- Exercise instructions: For every line below, restate it exactly and drop the images.

- Collected data:
╔══

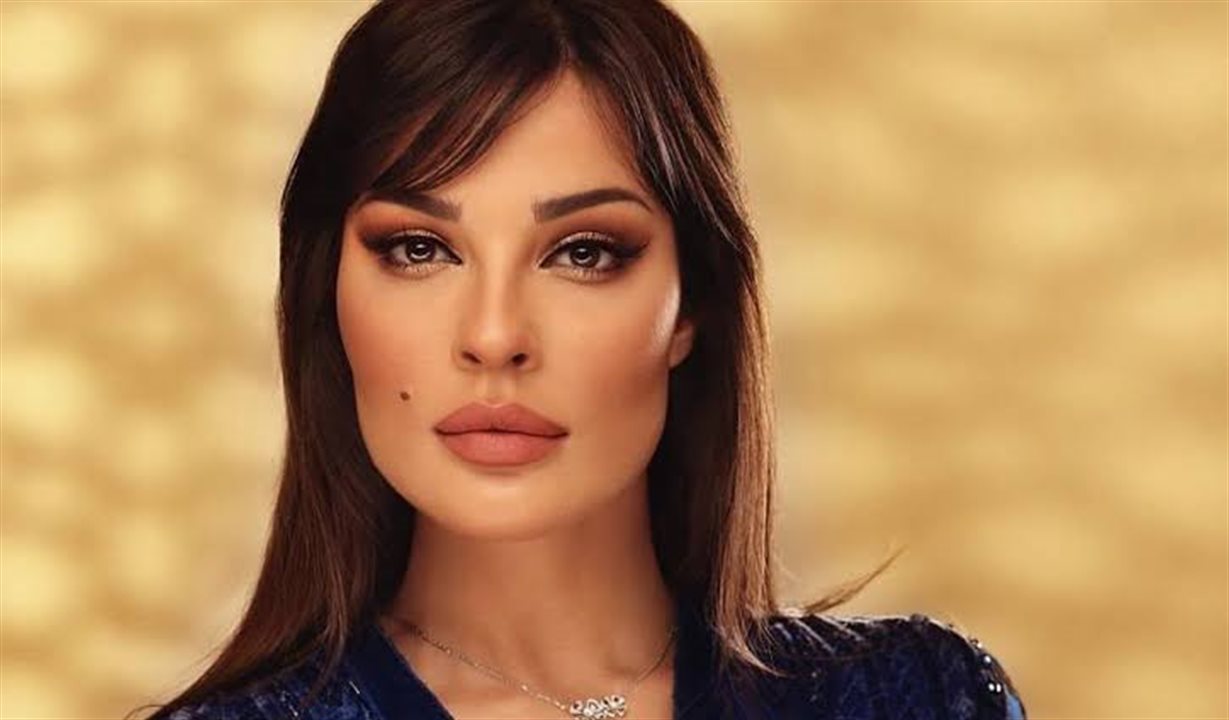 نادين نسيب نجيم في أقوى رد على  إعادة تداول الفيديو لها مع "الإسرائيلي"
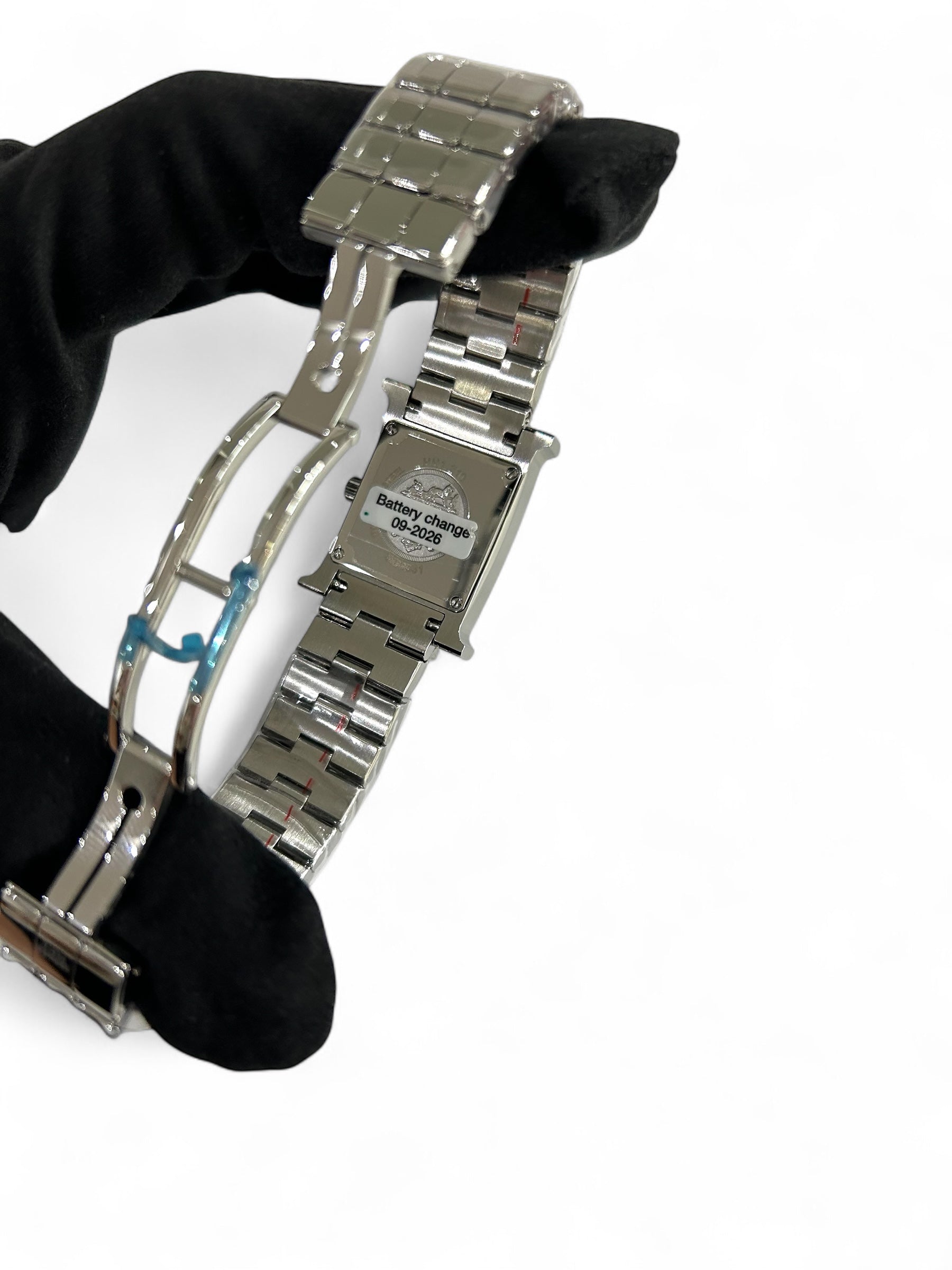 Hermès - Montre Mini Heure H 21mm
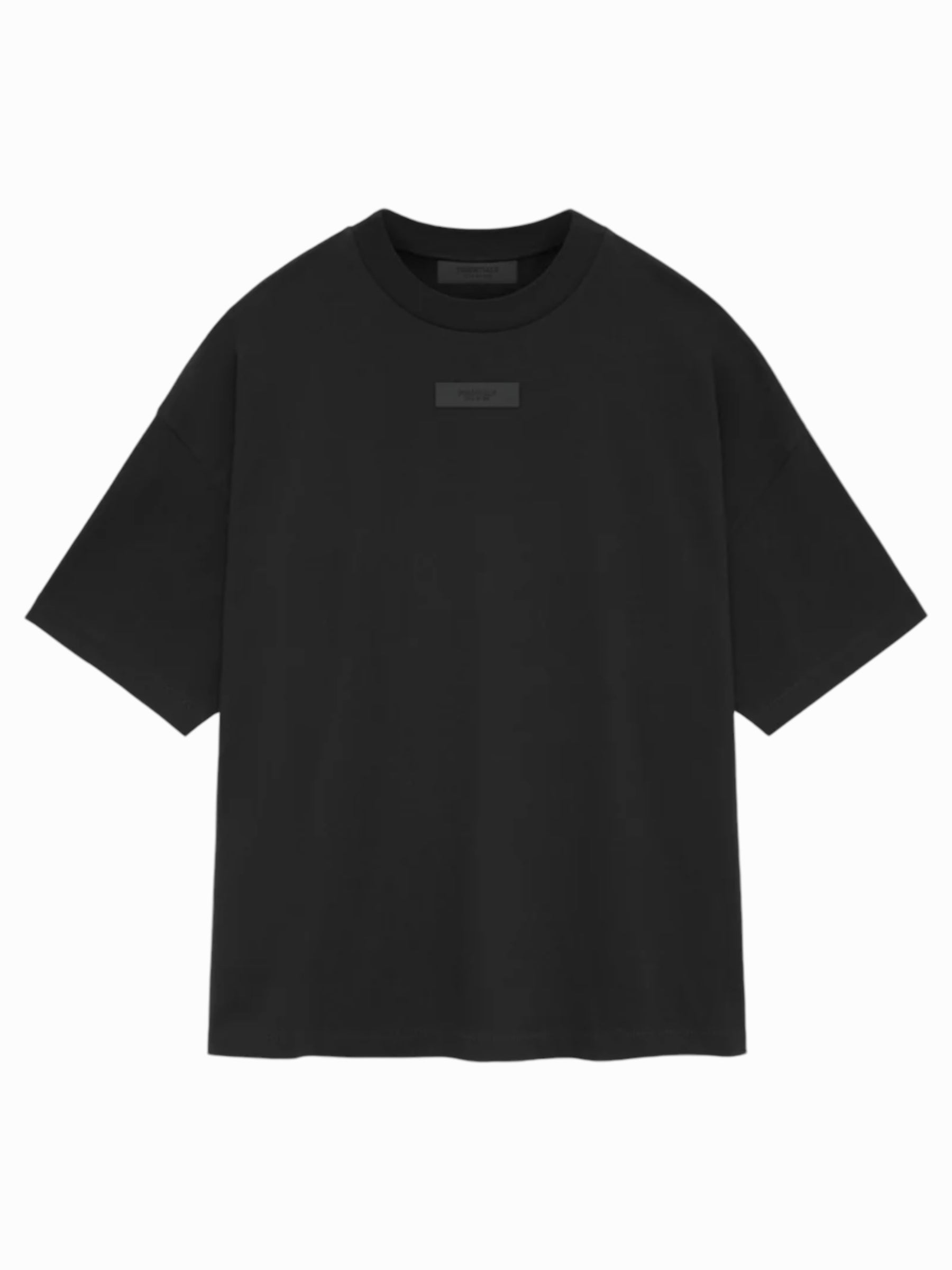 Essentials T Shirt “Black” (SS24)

╚══

- Exercise result:
 نادين نسيب نجيم في أقوى رد على  إعادة تداول الفيديو لها مع "الإسرائيلي"
 Hermès - Montre Mini Heure H 21mm
 Essentials T Shirt “Black” (SS24)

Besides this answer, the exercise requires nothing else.